How to Resist Temptation
Welcome on this Valentine’s Day. It is ironic that this is also the First Sunday in Lent. Lent is generally that season of the year when people have chosen a favorite treat or some vice to give up for these six weeks.
One man said his children traditionally gave up something like candy for Lent. Last year, however, he urged them to go beyond that to giving up some habit or sin that they knew was bad for them. About halfway through Lent he asked the children how they were doing with their Lenten promise. His youngest son had promised to give up fighting with his brothers and sisters during Lent.
When his father asked him how it was going, the boy replied, “I’m doing pretty good, Dad--but boy, I can’t wait until Easter!” (1)
Anyone who has given up something they love can empathize with that little boy. A good friend of mine is an ice tea drinker. He gave it up for Lent. He said everywhere he went, it seemed like ice tea was being served. He told me, at Subway, at the church, even in his home, a guest, not knowing his commitment, ask for, you guested it. Iced tea. He said the temptation was almost unbearable. He even said, “I can’t wait for Easter.”
Temptation does have a way of unraveling our lives, unnerving us, and often breaking our will. Maybe that is why the first lesson we are supposed to look at during Lent is Jesus’ Temptation.
This morning I would like for us to look at what temptation is not. Then see what temptation is. Because when we know what is really is, we will be better prepared to face it.
If you would like take out your notes in the worship program, and open your bibles to Luke chapter 4, put a finger in there, and open the Bible also to James Chapter one. I will give you a minute to do this.
First, What Temptation is not.
Temptation is not sin. Too many people go through life feeling guilty because they are tempted. Let me repeat that Temptation is not sin. Some people believe if you are tempted to sin, you have already sinned. No!
Listen to Hebrews 4:15 For we do not have a high priest who is unable to empathize with our weaknesses, but we have one who has been tempted in every way, just as we are—yet he did not sin.

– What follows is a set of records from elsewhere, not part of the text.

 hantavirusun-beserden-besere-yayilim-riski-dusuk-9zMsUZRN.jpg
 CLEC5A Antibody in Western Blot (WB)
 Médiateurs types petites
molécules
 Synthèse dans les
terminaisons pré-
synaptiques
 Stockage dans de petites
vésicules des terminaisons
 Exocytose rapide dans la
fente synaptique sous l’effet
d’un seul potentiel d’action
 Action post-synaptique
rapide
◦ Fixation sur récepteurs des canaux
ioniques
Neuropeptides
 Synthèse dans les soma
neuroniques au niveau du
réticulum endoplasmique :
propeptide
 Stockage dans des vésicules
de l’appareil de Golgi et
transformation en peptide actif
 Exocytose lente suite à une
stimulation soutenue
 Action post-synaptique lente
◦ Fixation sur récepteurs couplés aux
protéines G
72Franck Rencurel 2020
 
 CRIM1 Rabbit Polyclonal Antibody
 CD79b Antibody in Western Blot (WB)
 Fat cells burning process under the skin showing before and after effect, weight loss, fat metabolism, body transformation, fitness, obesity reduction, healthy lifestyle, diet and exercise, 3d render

Temptation is not sin. In our lesson today we read: Luke 4:1 Jesus, full of the Holy Spirit, left the Jordan and was led by the Spirit into the wilderness, where for forty days he was tempted by the devil.

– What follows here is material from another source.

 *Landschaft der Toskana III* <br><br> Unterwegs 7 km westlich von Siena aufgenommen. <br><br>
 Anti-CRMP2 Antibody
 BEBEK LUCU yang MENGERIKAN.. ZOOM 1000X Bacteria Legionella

Would the Holy Spirit lead Jesus into sin, God forbid. Yes, Jesus was tempted to sin, but he did not. Temptation is not sin.
Listen to how the Apostle James explains it in the book of James chapter one.

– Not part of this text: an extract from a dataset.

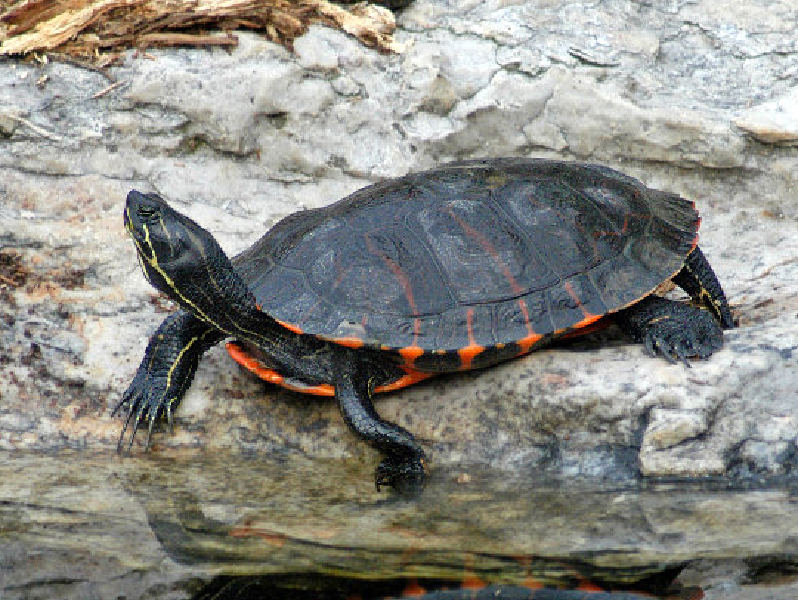 Especies de tortugas del mundo (Imagenes). Tortug15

James 1:14 but each person is tempted when they are dragged away by their own evil desire and enticed.
James 1:15 Then, after desire has conceived, it gives birth to sin; and sin, when it is full-grown, gives birth to death.
In the little church I grew up in at Muncie, Indiana, there was a short, chunky, gray haired lady. Correction, she said she was pleasingly plump. Anyway, at a Bible study we were discussing temptation. I still remember her words that day. She turned her head sideways, the way she did before she spoke, then said, “You may not be able to stop a bird from flying over your head, but you can stop it from building a nest in your hair.”